Can you help me interpret the results of the Urban Stormwater Retention model? In particular, how should the runoff ratio and the retention ratio be interpreted?
In my case, the runoff ratio varies between 58 and 98. I have assumed that these values represent the percentage of water that does not infiltrate into the ground. At the same time, the retention ratio varies between −57 and −97, so I have assumed that these values represent the percentage of water that infiltrates into the ground, or at least does not contribute to runoff.
Is this interpretation correct?
Another question concerns the fact that the values representing the runoff ratio and the retention ratio are identical to the CN_B values in the biophysical table (considering that the entire study area belongs to hydrologic soil group B). Is this simply a coincidence, or is it expected?
With the caveat that i haven’t used this model in the real world, i’d say that you’re right about your interpretations of the runoff and retention ratios. The Interpreting Results section of the User Guide chapter says this:
retention_ratio.tif: A raster derived from the LULC raster and biophysical table RC_x columns, where each pixel’s value is the stormwater retention ratio in that area
runoff_ratio.tif: A raster derived from the retention ratio raster, where each pixel’s value is the stormwater runoff ratio in that area. This is the inverse of ‘retention_ratio.tif’
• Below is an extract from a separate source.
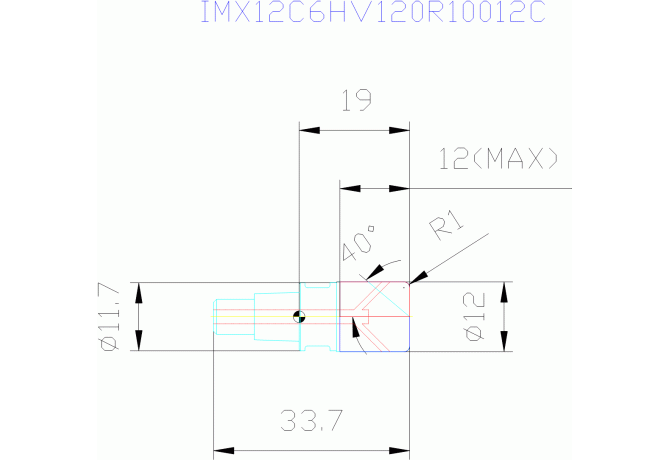 IMX12C6HV120R10012C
So yes, the runoff ratio is the proportion of precipitation that does not infiltrate and is likely to run off in a storm, and the retention ratio is the proportion of precipitation that is likely to infiltrate, so not likely to run off.
These values are mapped directly from RC_A, RC_B, RC_C and RC_D values in the biophysical table, so they should be identical to the biophysical table values.
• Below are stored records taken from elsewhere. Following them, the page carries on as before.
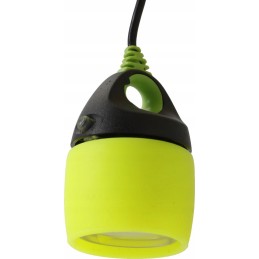 Tourist silicone led brunner pendant lamp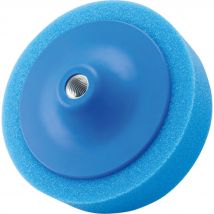 Flexipads World Class Blue Compounding Polishing Foam 5/8 Unc 150mm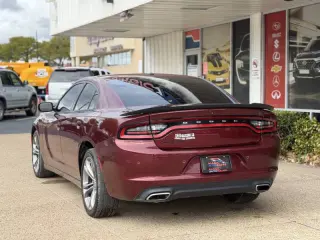 Dodge Charger 2019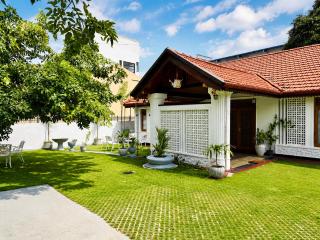 Nathalian Villa Kandy - 9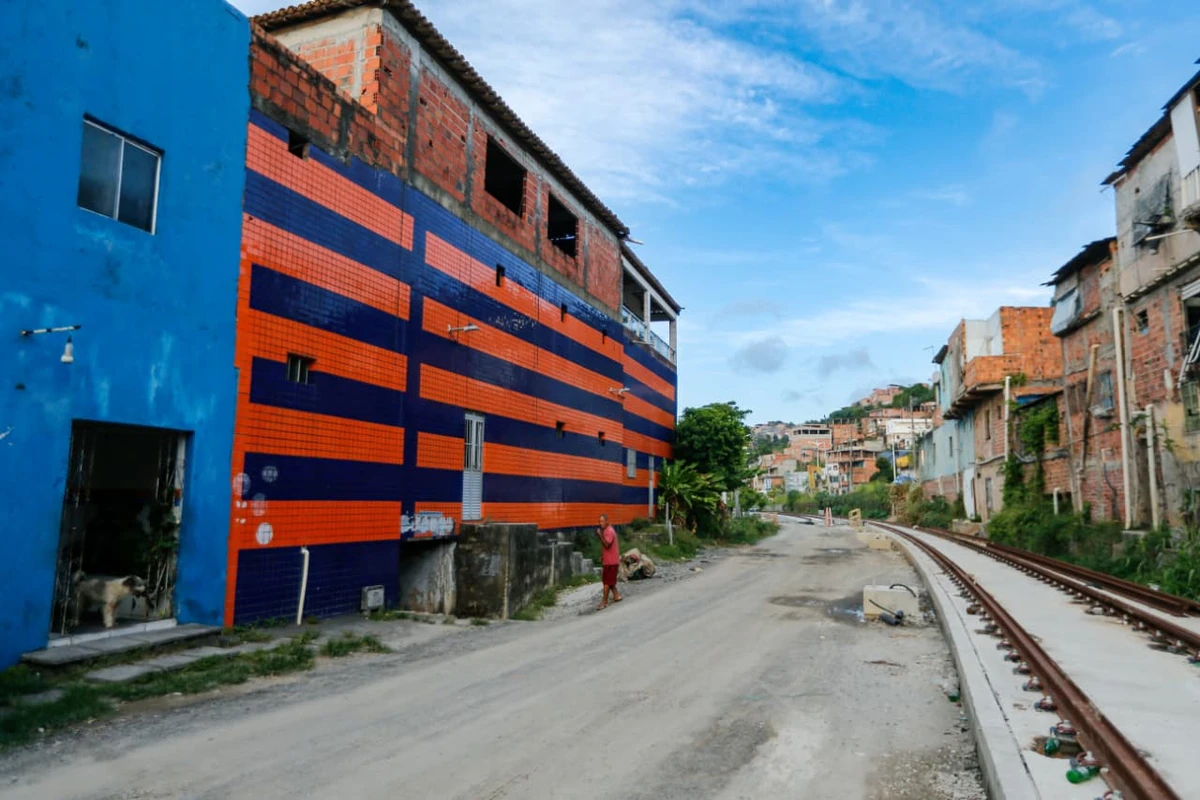 Brega de Orlando está com os dias contados por Arison Marinho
@Bretto since you referred to CN_B, i clarified something with the model author that i was unsure of, and want to pass along. The runoff coefficients (RC_*) in the Urban Stormwater biophysical table are not the same as curve numbers. Some of our other models (Seasonal Water Yield and Urban Flood Risk) do use curve numbers along with the soil hydrologic group raster, but Urban Stormwater is different.
The short version of his explanation: The key difference between a Runoff Coefficient and a Curve Number is time scale - RC is at an annual scale and CN is at the event scale. Runoff coefficients are derived from annual totals of rainfall and of runoff volume (or depth, if normalized over a watershed). Curve numbers are derived from lots of rainfall vs runoff observations, and describe how much runoff is likely to occur over a single large storm as a function of soil infiltration capacity and antecedent dryness/wetness, and uses a formula that makes adjustments for how much runoff is abstracted by the land surface at the start of the storm. This latter adjustment means that curve number ends up being proportional to runoff, but is not quite the same as a runoff coefficient.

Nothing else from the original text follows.